Réalisé en pleine période du maccarthysme, Sur Les Quais ne fut guère apprécié par certains, y voyant une critique frontale et sans fondement contre le pouvoir des syndicats. C’est aussi sur le plan personnel qu’Elia Kazan dut essuyer bon nombres d’attaques. En avril 1952, devant la Commission des Activités Anti-Américaines, Elia Kazan donna le nom de huit artistes communistes, lui qui a fait partie de la section Parti Communiste du prestigieux Group Theatre de Lee Strasberg dans les années trente. Bien que s’étant expliqué de ce geste, précisant notamment avoir subit de nombreuses pressions policières. On ne lui pardonnera jamais cette trahison, trahison qui plane sur l’entièreté du film comme un large spectre.

Extrait de Sur les quais de Elia Kazan (1954)
Extrait de Sur les quais de Elia Kazan (1954)

De nombreux observateurs cinéphiles aiment voir le film comme une réponse d’Elia Kazan à ses détracteurs. L’allégorie du combat symbolique et politique entre les ouvriers des quais et les syndicats reflèterait une image peu flatteuse d’Hollywood, un monde où l’argent corrupteur est au centre des tensions entre les hommes. Les quais, tout comme les plateaux seraient une zone de non-droit, où les hommes en costumes (producteurs) contrôlent pleinement l’activité et même les vies des ouvriers (techniciens, scénaristes, réalisateurs…) Cette étude comparative ne saurait être complète sans l’icône de l’acteur, autours de qui l’industrie entière gravite : Marlon Brando.
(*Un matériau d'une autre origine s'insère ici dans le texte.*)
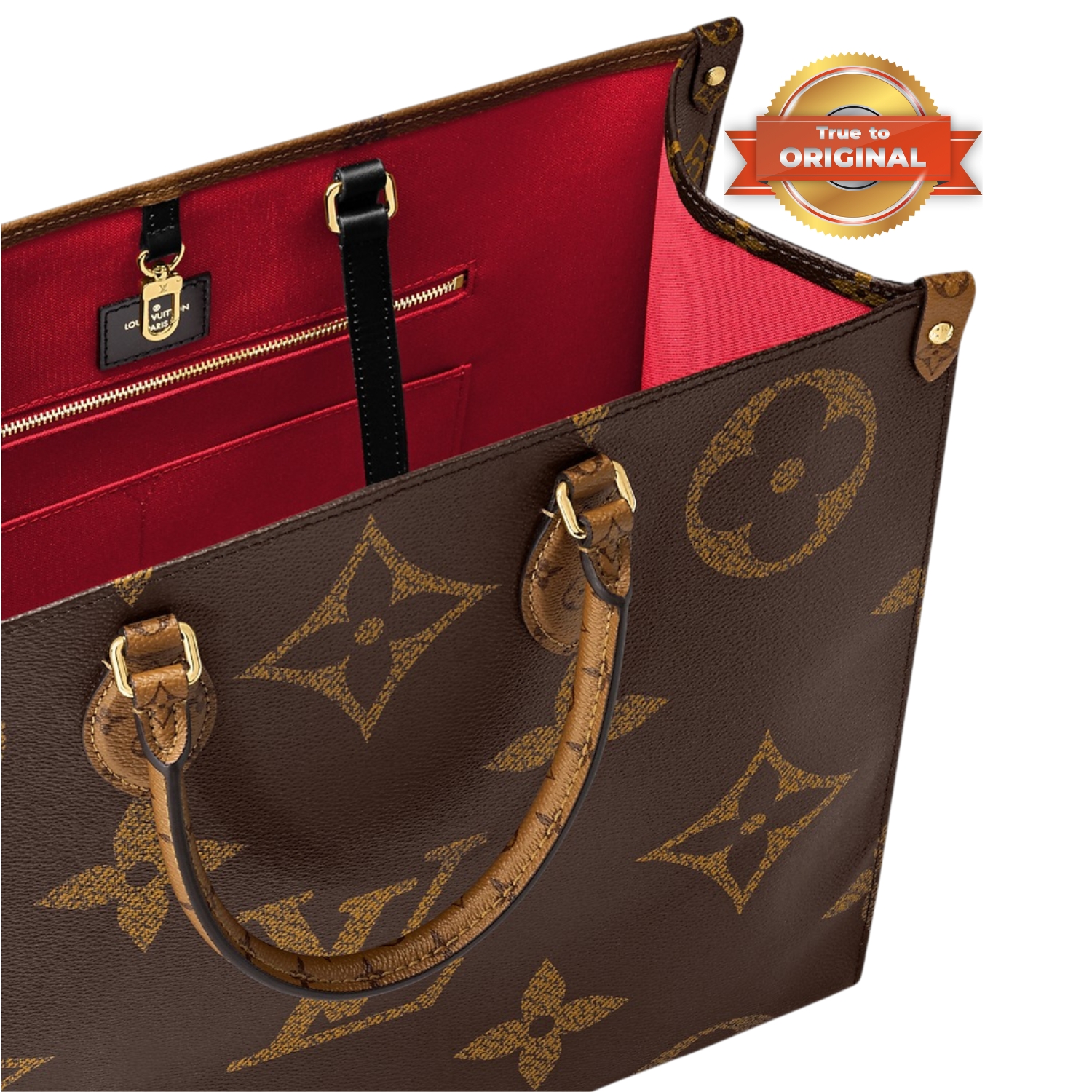 Louis Vuitton OnTheGo GM Tote Bag 16.1in/ 41cm Brown Gold Hardware For Women M45320 - Image 8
Alors au sommet de sa renommée, Brando est à l’image d’Elia Kazan : une contre-proposition culturelle, défiant les codes et les préjugés de son temps, parasitant volontiers l’industrie du Cinéma tout en étant le Cinéma. Marlon Brando n’était pas seulement beau, il était terrible. Séducteur il est vrai, mais aussi acteur de génie, tragédien étonnant, grandes gueules, élégant, sombre puis jovial… en un mot, iconique. Rarement Brando ne fut aussi mal mené dans un film, lui le visage de la révolution adolescente de l’Equipée Sauvage, lui le visage de la révolution tout court dans Viva Zappata. Ici, Brando saigne, rampe, se contorsionne pour plaire à une femme, joue avec des gants blancs, se dodeline sur une balançoire, parle à des pigeons sur les toits, pleure à l’arrière d’un taxi, fait étalage de son passé de boxeur à défaut de faire étalage de cette supposé maitrise… Elia Kazan offre ici au public une icône de son temps en l’humanisant, rendant de fait l’icône accessible aux spectateurs.
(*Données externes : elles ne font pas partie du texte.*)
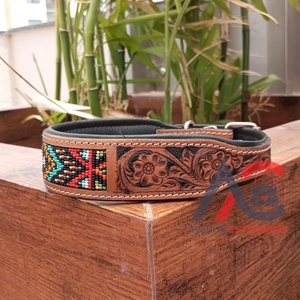 Collier pour chien de luxe fait main, style western authentique, multi-perles, cuir véritable avec rembourrage, durable, personnalisable, réglable, pour l'entraînement - Product Image 6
Reçu aux Oscars sous une pluie de récompenses, huit statues au total dont ceux de meilleur film, meilleur réalisateur, meilleur scénario pour Budd Schulberg, de meilleur acteur pour Marlon Brando et de meilleure actrice de second rôle pour Eva Marie Saint, Sur Les Quais demeure incontestablement une pierre fondatrice dans l’industrie Hollywoodienne. Le regard posé sur l’essor du capitalisme américain y est implacable et sans concession. Véritable fable théâtrale sur fond de lutte des classes, le film nous démontre combien « épique » et « légèreté », « réalisme » et « féérie » peuvent fort bien cohabiter ensemble, au sein d’une même pellicule.